In 2024, we predict the global security landscape will be characterised by a complex web of threats. Here in this blog, we will delve into the security trends, opportunities, and challenges that promise to shape the year ahead, while shining a light on how to adapt accordingly.
State actors and cyber threats
The threat landscape remains heavily charged, with ongoing geopolitical tensions significantly impacting global security. State actor s, including Russia, China, and Iran, continue to play a prominent role. The Israel-Gaza situation and the Ukraine war have further intensified the threat landscape.
Notably, in December 2023, Hamas (the Iranian backed terror organisation) was implicated when seven people in Germany, the Netherlands, and Denmark, were detained. They were arrested on suspicion of being part of a cross-border Hamas terror plot, which German prosecutors said aimed to obtain weapons to target Jewish institutions in Europe.
The cyber threat looms large as state actors employ sophisticated strategies to compromise cyber infrastructure. The UK in particular faces heightened risks. Security teams must therefore have strategies and contingency plans in place for both physical and cyber security risks, since the two are inextricably linked.
Militant activity and protest groups
In 2023, the UK has witnessed increased militant activity from various protest groups. This will likely continue into 2024 and beyond. While embracing the democratic right to protest is essential, concerns arise when these activities infringe upon the daily lives of citizens. Groups like Extinction Rebellion and those opposing arms sales present a growing security challenge, requiring a delicate balance between allowing and supporting freedom of expression, and protecting public safety.
To combat the increased risk associated with a more fragmented society and the protests that can arise out of it, analyse and record your business activities first and foremost – it is about understanding the role you play and the risk you may be at; design an organisational response and communication plan, which should include a provision for police liaison and / or interaction with local councils and community groups; delegate a taskforce, ensuring anyone who may respond to a protest is properly trained and understands the legislation in place, the powers they have, the legality of the specific protest and rights of the protesters; and be sure to document and record any actions. To that end, consider the benefits of CCTV and body worn video.
Security risk management and resilience
Managing risk within the context of organisational resilience is key. The concept of resilience, driven by the Cabinet office and embodied in standards such as the updated BS65000 and ISO 22316:2017, underscore the importance of proper planning and recovery after a security breach. The distinction between ‘hot’ and ‘cold’ alternative or backup sites in contingency planning remains crucial. Organisations need to ensure not only backup systems but also immediate operational capabilities to navigate cyber-attacks or physical threats.
Training and awareness initiatives
In response to evolving threats, new training initiatives have emerged, such as online Action Counters Terrorism(ACT) training, providing organisations with essential knowledge on responding to security breaches. The importance of communication with clients, including real-time alerts and ground-level training, is essential to keep management teams informed and prepared. Organisations must ensure that security teams, at both management and operational levels, and whether in-house or contracted, have received SIA approved training. Organisations need to strive to deliver training which goes beyond ‘minimum standards’, such as behavioural detection and sector specific initiatives that will inform security teams of the threats faced by the organisation.

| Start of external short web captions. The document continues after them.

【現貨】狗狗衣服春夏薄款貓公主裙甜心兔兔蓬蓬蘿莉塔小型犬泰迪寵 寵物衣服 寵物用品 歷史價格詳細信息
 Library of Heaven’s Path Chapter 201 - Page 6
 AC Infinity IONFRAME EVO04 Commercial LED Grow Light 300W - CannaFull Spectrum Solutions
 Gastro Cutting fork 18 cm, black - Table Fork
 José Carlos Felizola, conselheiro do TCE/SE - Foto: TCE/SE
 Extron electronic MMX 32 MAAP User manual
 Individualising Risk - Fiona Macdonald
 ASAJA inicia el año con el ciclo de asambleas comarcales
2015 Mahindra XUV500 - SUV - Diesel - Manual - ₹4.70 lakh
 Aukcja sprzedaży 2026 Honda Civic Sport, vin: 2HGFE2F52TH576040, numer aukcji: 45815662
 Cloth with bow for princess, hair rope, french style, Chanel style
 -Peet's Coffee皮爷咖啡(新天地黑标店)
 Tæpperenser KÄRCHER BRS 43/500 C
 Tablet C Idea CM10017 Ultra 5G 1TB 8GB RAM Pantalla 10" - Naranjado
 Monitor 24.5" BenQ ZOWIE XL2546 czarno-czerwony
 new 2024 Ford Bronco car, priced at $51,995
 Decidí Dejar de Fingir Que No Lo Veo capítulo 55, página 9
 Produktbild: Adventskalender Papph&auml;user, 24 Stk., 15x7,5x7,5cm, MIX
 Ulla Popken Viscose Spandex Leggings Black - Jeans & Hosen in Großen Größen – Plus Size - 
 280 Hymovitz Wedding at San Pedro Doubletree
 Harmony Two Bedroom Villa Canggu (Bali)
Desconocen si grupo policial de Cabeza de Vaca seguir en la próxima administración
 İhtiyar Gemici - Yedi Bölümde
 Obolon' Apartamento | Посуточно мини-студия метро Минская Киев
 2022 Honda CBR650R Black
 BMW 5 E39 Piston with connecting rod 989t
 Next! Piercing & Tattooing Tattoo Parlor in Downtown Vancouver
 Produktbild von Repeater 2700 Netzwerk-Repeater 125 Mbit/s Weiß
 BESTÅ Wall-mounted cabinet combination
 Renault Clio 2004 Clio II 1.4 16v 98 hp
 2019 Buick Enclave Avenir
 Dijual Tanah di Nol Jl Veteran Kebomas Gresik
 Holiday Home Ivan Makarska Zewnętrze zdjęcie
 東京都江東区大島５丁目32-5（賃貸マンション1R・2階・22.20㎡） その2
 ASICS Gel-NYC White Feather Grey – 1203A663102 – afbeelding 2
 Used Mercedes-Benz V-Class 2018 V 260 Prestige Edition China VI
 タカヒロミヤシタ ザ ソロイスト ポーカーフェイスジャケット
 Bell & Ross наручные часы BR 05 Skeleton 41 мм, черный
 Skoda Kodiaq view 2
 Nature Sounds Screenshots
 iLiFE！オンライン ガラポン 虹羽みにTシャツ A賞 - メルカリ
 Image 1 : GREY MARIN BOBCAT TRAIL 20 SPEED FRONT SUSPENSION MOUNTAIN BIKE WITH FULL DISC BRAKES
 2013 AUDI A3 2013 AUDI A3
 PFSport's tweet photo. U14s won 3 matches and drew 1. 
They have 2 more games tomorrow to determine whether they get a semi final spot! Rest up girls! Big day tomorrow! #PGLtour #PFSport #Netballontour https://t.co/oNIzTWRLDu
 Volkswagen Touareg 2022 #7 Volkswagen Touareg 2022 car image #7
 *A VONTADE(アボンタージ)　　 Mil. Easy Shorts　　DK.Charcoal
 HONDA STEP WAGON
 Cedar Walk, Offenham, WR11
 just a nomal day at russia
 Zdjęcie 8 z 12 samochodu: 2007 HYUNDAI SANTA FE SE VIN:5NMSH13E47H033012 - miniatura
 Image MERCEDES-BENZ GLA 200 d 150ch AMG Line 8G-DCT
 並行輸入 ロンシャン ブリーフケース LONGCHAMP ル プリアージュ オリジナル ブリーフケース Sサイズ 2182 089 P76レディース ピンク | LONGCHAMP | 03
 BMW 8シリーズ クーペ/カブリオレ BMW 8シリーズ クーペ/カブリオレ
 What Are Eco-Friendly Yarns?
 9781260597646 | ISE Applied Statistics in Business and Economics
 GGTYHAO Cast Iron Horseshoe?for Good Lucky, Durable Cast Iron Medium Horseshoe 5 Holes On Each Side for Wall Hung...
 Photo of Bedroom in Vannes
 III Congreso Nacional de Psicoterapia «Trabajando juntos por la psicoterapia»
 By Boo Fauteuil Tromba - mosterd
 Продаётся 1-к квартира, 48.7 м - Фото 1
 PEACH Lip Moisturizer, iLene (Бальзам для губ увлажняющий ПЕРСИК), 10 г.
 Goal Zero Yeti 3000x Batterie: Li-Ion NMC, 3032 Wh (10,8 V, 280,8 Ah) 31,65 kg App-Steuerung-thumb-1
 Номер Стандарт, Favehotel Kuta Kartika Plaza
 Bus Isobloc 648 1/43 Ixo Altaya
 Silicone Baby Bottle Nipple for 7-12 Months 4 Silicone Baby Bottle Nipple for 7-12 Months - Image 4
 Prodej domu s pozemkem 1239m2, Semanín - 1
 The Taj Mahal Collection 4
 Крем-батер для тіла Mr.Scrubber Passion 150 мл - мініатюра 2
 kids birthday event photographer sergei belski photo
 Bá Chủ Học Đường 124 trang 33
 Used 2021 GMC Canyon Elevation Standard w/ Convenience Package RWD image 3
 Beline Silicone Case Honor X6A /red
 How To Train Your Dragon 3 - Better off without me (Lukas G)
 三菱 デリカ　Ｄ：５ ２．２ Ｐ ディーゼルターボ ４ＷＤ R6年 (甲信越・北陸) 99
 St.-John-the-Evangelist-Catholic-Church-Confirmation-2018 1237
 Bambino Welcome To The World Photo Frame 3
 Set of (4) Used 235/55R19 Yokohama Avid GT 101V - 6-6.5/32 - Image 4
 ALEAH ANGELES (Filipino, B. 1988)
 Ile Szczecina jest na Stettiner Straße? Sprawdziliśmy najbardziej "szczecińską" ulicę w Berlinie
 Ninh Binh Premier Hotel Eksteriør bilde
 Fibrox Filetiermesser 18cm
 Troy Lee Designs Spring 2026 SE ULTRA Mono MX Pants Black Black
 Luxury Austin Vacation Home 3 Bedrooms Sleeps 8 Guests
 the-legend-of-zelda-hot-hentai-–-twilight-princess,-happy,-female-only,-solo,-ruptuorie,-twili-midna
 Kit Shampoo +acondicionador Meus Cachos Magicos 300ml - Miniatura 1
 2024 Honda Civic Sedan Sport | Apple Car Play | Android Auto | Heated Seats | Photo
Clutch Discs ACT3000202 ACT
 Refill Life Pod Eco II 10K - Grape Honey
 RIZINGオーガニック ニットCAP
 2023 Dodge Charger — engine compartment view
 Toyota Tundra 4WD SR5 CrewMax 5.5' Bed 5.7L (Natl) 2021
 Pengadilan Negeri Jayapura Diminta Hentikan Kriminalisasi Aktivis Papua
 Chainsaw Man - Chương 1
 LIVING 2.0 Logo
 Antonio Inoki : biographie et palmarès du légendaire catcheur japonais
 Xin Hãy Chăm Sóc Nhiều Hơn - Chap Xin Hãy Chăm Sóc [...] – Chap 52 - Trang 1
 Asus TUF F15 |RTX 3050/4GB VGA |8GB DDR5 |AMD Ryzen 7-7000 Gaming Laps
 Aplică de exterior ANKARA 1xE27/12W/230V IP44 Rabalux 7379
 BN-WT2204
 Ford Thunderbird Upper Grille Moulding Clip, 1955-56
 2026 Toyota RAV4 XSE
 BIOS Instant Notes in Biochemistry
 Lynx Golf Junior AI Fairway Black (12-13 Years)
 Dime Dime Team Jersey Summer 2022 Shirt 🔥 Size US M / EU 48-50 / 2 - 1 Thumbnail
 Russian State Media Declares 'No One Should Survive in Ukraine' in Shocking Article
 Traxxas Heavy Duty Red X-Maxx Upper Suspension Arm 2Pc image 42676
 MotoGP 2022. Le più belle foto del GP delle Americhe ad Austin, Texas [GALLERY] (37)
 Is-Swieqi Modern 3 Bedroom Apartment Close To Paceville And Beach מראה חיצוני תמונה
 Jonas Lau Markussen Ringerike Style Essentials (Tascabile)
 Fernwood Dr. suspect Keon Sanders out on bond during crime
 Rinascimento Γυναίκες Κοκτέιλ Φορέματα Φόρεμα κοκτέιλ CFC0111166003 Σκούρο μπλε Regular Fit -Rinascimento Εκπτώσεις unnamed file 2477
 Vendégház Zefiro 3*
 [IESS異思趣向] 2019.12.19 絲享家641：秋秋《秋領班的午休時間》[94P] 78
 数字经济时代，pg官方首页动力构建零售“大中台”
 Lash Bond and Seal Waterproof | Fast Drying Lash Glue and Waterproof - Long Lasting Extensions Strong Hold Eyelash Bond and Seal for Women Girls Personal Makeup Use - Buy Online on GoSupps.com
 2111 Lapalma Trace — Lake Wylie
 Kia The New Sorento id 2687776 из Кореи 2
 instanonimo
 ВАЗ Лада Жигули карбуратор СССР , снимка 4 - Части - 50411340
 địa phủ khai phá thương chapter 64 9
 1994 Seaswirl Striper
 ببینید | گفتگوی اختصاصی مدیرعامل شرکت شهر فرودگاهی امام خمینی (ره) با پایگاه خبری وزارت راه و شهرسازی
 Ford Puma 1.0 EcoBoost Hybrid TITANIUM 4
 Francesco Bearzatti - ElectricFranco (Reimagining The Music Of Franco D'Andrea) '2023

Martyn’s Law and Its Impact
We are hopeful that momentum for Martyn’s Law, officially titled The Terrorism (Protection of Premises) Bill), which is aimed at enhancing security measures in public places, will build in 2024. While there is some uncertainty regarding its implementation, we are not the only security experts to argue for its necessity. The Manchester Arena and O2 Arena attacks highlight the potential preventive impact of such legislation that draws parallels with mandatory health and safety measures. Until Martyn’s Law is enshrined in law, organisations should question the efficacy of existing security measures. The draft Bill’s proposals would impose mandatory threat assessments for relevant premises, which would be a major step forward in protecting people from the impact of terrorism.
The Duke of Wellington famously once said: “All the business of war, indeed all the business of life, is to endeavour to find out what you don’t know from what you do: that is what is called “guessing what’s on the other side of the hill”.
And so, as we navigate the complex and dynamic security landscape of 2024, with its twists and turns, knowns and unknowns, we must find out what we know, and pre-empt what might be coming our way. A holistic approach that combines resilience, proactivity, adaptability, training, and legislative support is crucial in our ongoing mission to protect more than you think.